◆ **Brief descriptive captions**

--------------------

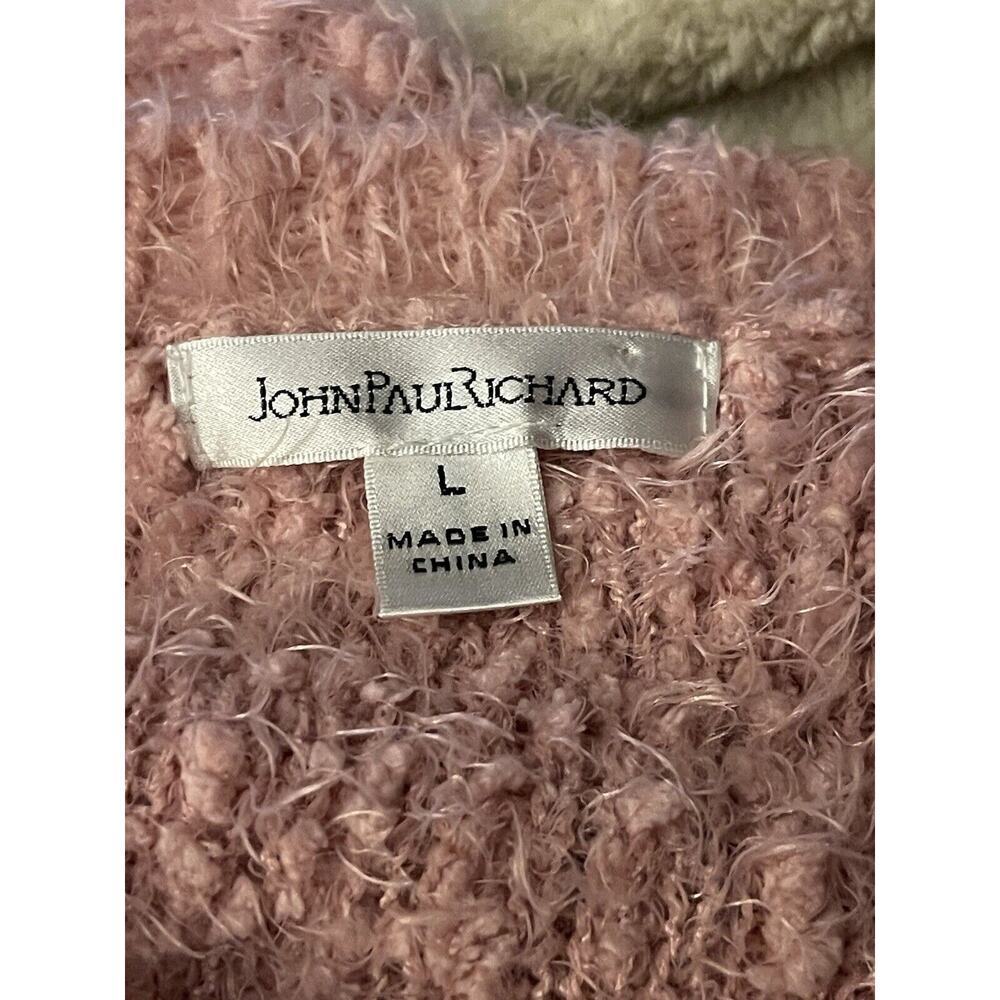 John Paul Richard Pink Sweater Eyelash Size Large Boucle Popcorn JPR Hi-Low - Picture 6 of 7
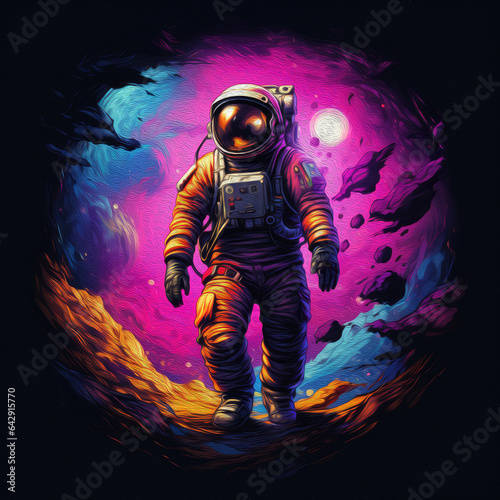 Astronaut in outer space. Vector illustration of astronaut in space. created by generative AI technology.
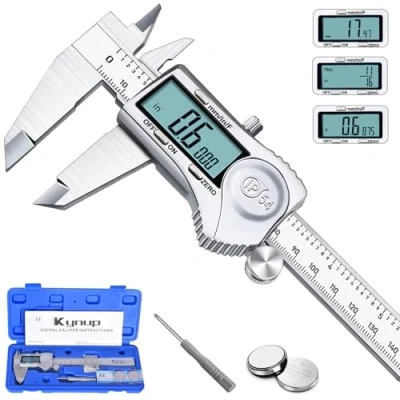 Abbildung von Kynup Digital Messschieber, Schieblehre Messwerkzeuge 150mm/6 Zoll Edelstahl IP54 Spritzwasserdicht Staubdicht Schutzdesign, LCD Display für Haushalt und Industrie Messung Messlehre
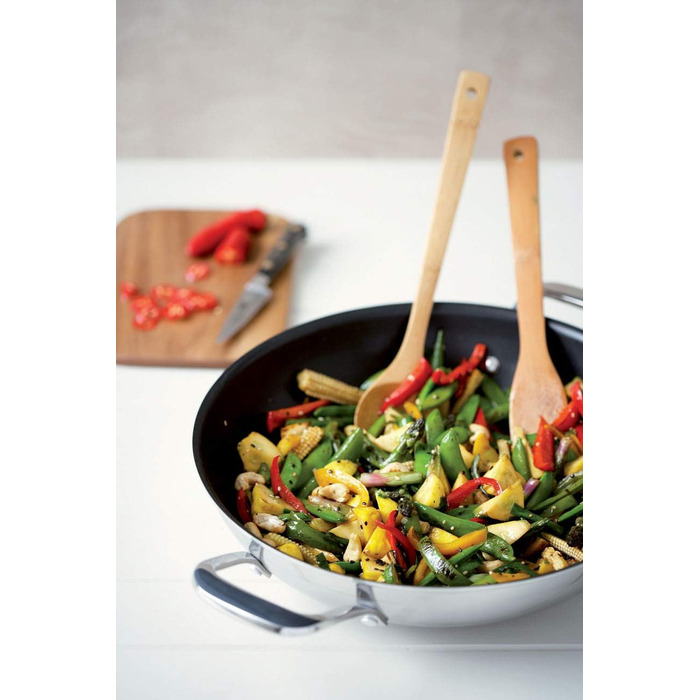 Вок Le Creuset з антипригарним покриттям, Ø 30 см, з кришкою, для всіх плит (індукція), нержавіюча сталь, сріблястий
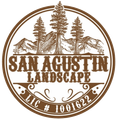 Circular logo: "San Agustin Landscape" with mountains, trees, and license number.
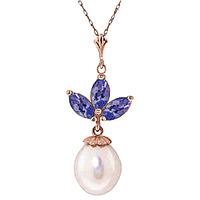 Pearl and Tanzanite Petal Pendant Necklace 4.75ctw in 9ct Rose Gold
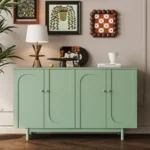 Goldoma 4-Door Intaglio Storage Cabinet in mint green with pine legs – stylish storage cabinet for living room
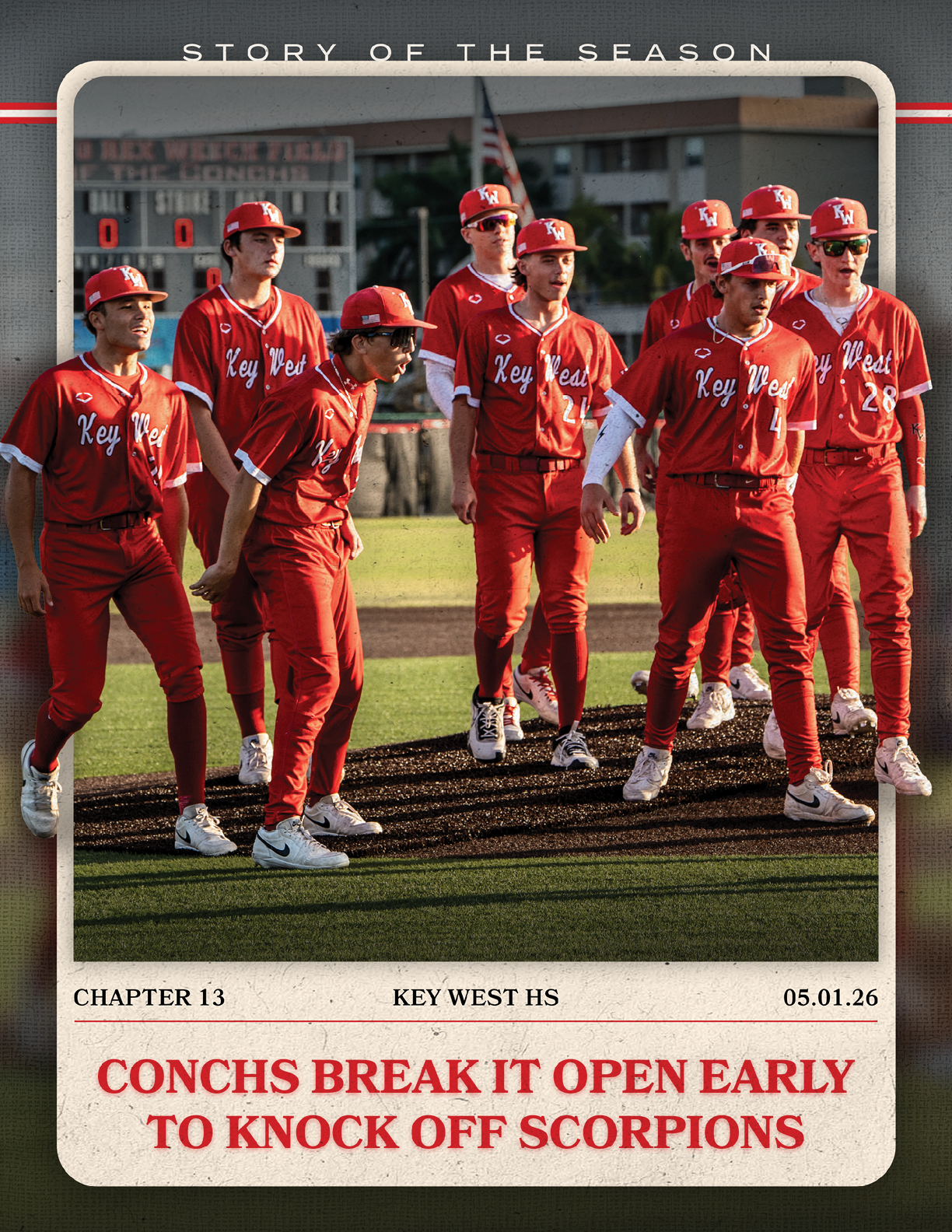 A group of baseball players wearing red uniforms. Description generated by AI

--------------------

◆ **Task**
Starting at the line containing "Abbildung von Kynup" and stopping at the line containing "Goldoma 4-Door Intaglio", output every line above exactly, both ends included, with pictures omitted.

◆ **Task result**
 Abbildung von Kynup Digital Messschieber, Schieblehre Messwerkzeuge 150mm/6 Zoll Edelstahl IP54 Spritzwasserdicht Staubdicht Schutzdesign, LCD Display für Haushalt und Industrie Messung Messlehre
 Вок Le Creuset з антипригарним покриттям, Ø 30 см, з кришкою, для всіх плит (індукція), нержавіюча сталь, сріблястий
 Circular logo: "San Agustin Landscape" with mountains, trees, and license number.
 Pearl and Tanzanite Petal Pendant Necklace 4.75ctw in 9ct Rose Gold
 Goldoma 4-Door Intaglio Storage Cabinet in mint green with pine legs – stylish storage cabinet for living room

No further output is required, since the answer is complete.